1. A system for storing and/or retrieving data, comprising:

a client computer having data to store or desiring to retrieve data;
a storage server in communication with the client computer and capable of reading storage-related requests communicated from the client computer;
a high-speed network running at least one data communication protocol for communicating between the client computer and the storage server;
a storage device having data to retrieve and for storing data, wherein the storage device is in communication with the storage server; and
a storage manager in communication with the storage server for allocating and authorizing the storage device.

2. The system according to claim 1, wherein the data communication protocol is selected from the group consisting of Internet Protocol (“IP”), Transmission Control Protocol (“TCP”), and User Datagram Protocol (“UDP”).

3. The system according to claim 1, further comprising a high-speed switch for communicating between the client computer and the storage server.

4. The system according to claim 3, wherein the high-speed switch and the storage server are integrated.

5. The system according to claim 1, wherein the storage device is selected from the group consisting of SCSI, Fibre Channel, IDE, and ramdisk devices.

6. The system according to claim 1, further comprising at least one other storage device, wherein storing the data comprises mirroring the data of one of the storage devices onto the other storage device.

7. The system according to claim 1, further comprising at least one other storage device, wherein storing the data comprises replicating the data of one of the storage devices onto the other storage device.
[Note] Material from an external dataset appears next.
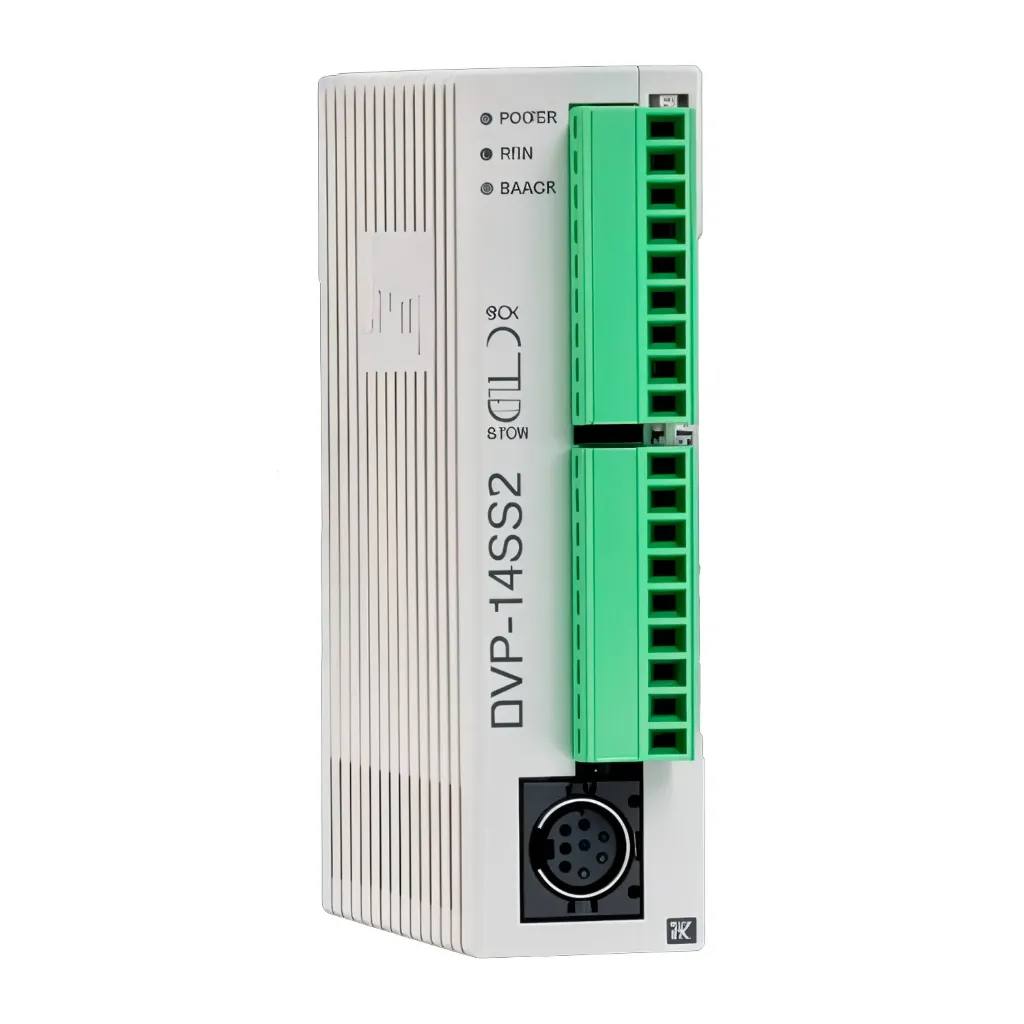 [DVP14SS211T] Modulo PLC 8I/6O DVP14SS211T Delta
8. The system according to claim 1, further comprising at least one other storage server for providing high availability data storage.
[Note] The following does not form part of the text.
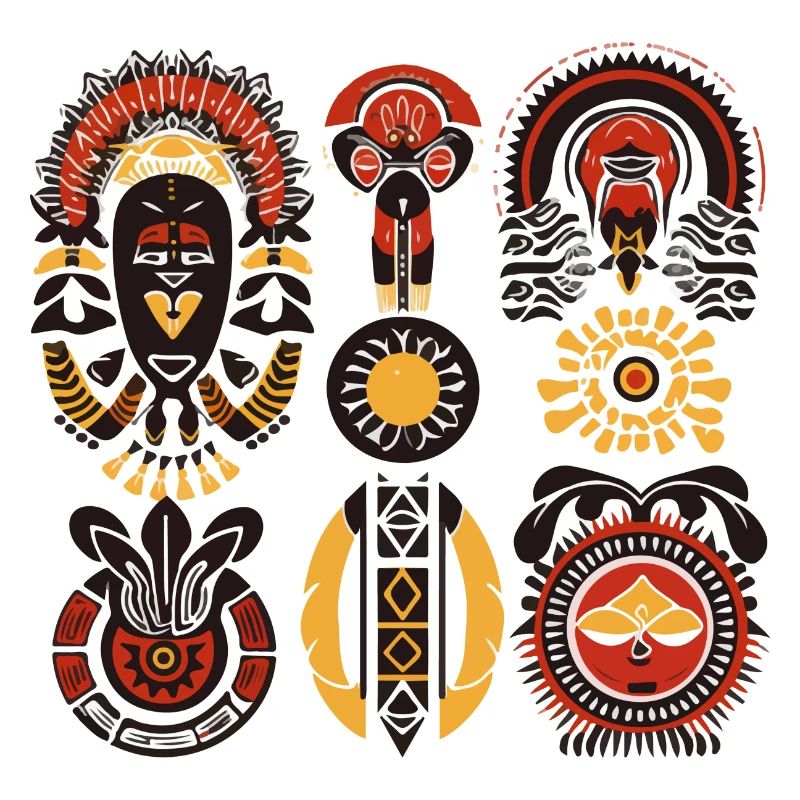 African folklore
9. The system according to claim 1, further comprising at least a second storage device, wherein the data on the storage device is backed up to the second storage device without involving the use of the client computer.
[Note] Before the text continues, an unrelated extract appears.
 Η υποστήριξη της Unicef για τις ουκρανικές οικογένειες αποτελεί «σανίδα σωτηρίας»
10. The system according to claim 1, wherein the client computer is capable of operating as both a storage area network (“SAN”) client and a network-attached storage (“NAS”) client.

11. The system according to claim 1, wherein the client computer further comprises a driver for determining whether a storage-related command is to be communicated to the storage server.

12. The system according to claim 11, wherein the data communication protocol is User Datagram Protocol (“UDP”) running over Internet Protocol (“IP”).

13. The system according to claim 12, wherein the driver enhances the reliability of UDP.

14. The system according to claim 11, wherein the storage-related command is not communicated to the storage server, but instead is responded to by the driver, and wherein it appears to the client computer that the response to the storage-related command is coming from a storage device connected directly to the client computer.

15. The system according to claim 11, wherein the storage-related command is communicated to the storage server in the form of a generic storage-related request.

16. The system according to claim 15, wherein the generic storage-related request is device protocol-independent.

17. The system according to claim 15, wherein the generic storage-related request is not communicated to the storage device, but instead is responded to by the storage server in the form of a generic storage-related reply, and wherein it appears to the client computer that the response to the storage-related command is coming from a storage device connected directly to the client computer.

18. The system according to claim 15, wherein the storage device is virtualized.

19. The system according to claim 18, wherein the generic storage-related request is communicated to the storage device.

20. The system according to claim 19, wherein the generic storage-related request is converted to a second storage-related command capable of being executed on the storage device, and the storage device responds to the second storage-related command and communicates the response to the storage server.

21. The system according to claim 20, wherein the storage server converts the response to the second storage-related command into a generic storage-related reply and communicates the generic storage-related reply to the client computer, and wherein it appears to the client computer that the storage device is connected directly to the client computer.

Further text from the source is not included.